§ DATASET
= Beginning of Section =

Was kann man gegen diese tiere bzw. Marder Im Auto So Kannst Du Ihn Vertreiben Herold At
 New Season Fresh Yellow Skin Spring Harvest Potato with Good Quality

= End of Section =
= Beginning of Section =

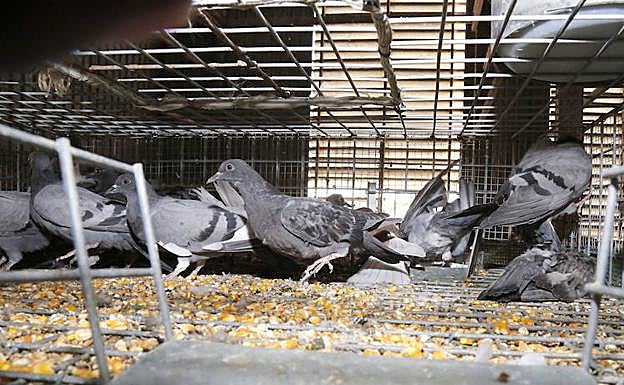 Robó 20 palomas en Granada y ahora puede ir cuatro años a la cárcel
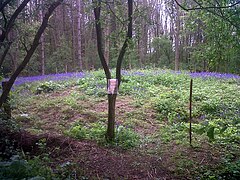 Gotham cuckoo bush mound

= End of Section =

Exactly reproduce the lines above, starting at the one that contains "Robó 20 palomas" and ending at the one that contains "Gotham cuckoo bush mound", both inclusive; leave the pictures out and add no other lines.

 Robó 20 palomas en Granada y ahora puede ir cuatro años a la cárcel
 Gotham cuckoo bush mound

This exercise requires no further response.